When he says the war won't be endless, he’s trying to calm the nerves of the Biden-Harris (and eventually, perhaps, the Trump) administration. He knows the West is exhausted. He knows the American voter has zero appetite for another "forever war."
But look at the map. Look at the logistics.
- Nuclear Latency: Iran is now a "threshold" state. You cannot bomb knowledge out of existence. Even a total kinetic strike on their facilities only delays the inevitable by 24 to 36 months.
- Multi-Front Reality: Israel is no longer fighting a country; it’s fighting a geography. From the Houthis in the south to Hezbollah in the north, the "war" is a 360-degree pressure cooker.
- The Demographic Trap: Netanyahu’s base requires a hardline stance. Any move toward a grand bargain with Tehran would be political suicide.

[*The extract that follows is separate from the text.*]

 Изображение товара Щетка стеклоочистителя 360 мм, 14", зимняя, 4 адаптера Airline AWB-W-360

Imagine a scenario where Israel actually "wins." What does that look like? A regime change in Tehran? History shows that vacuum would be filled by chaos far more unpredictable than the current calculated hostility of the Mullahs. Netanyahu knows this. He prefers the enemy he can map.
The "People Also Ask" Fallacy: Can Diplomacy Work?

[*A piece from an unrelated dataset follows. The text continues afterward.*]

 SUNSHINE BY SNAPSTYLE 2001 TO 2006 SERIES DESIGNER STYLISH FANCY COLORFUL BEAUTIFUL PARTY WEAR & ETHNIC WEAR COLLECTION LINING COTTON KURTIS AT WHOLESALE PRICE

People often ask if a new "Iran Deal" or a regional summit could end the friction. This question is flawed because it assumes both parties are rational actors looking for a "win-win."
In reality, this is a Zero-Sum Game.
$S = P_1 + P_2 = 0$
In this equation, any gain for Israel is viewed as an existential loss for Iran, and vice versa. Diplomacy in this context isn't a bridge; it's a breathing room used to re-arm. We saw this with the JCPOA. It didn't stop the proxy wars; it funded them.

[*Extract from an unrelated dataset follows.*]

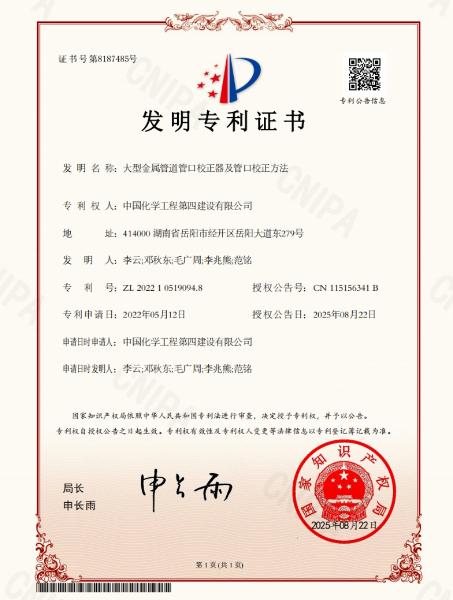 聚焦“135” 品牌引領(lǐng)在行動? | 中國化學(xué)四化建各單位獲多項(xiàng)榮譽(yù)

The idea that we can "demystify" the intentions of the IRGC through dialogue is a Western vanity. They tell us exactly what they want: the removal of the Western-aligned order in the Levant. You don't negotiate with a tidal wave; you build a dike.
The Strategy of Perpetual Friction
Instead of the "endless war" bogeyman, we should call it what it is: The Long Attrition.
Israel is shifting from a doctrine of "Decisive Victory" to a doctrine of "Active Defense." The Iron Dome, David’s Sling, and the upcoming Iron Beam laser system are not tools to end a war. They are tools to make a permanent war affordable.
The cost per interception for a Tamir missile is roughly $50,000. The cost of a laser shot is about $2. That change in the cost-curve is the only reason Israel can survive an endless conflict. Netanyahu isn't planning for peace; he’s waiting for the technology to catch up to the reality of eternal siege.
The Harsh Truth for the West
The international community keeps looking for an "off-ramp." They want a treaty, a handshake on the White House lawn, and a return to the "rules-based order."
That order is dead.
We have entered an era of "Grey Zone" warfare where the line between peace and war is permanently blurred. There will be no signing ceremony. There will be no "V-E Day" in Jerusalem or Tehran. There will only be Tuesday nights where rockets are intercepted, and Wednesday mornings where life goes on.
Netanyahu says it won't be an endless war because he has to. It’s the political price of admission for Western support. But he knows, and the generals in the Kirya know, that the "end" is a mirage.
Stop asking when the war will end. Start asking how long the theater can stay open before the audience gets bored or the building burns down.
The conflict isn't a problem to be solved; it is a condition to be managed. Anyone telling you otherwise is either campaigning or delusional.
Accept the friction. Build the walls. Check the batteries in the sirens. This is the new normal, and it isn't going anywhere.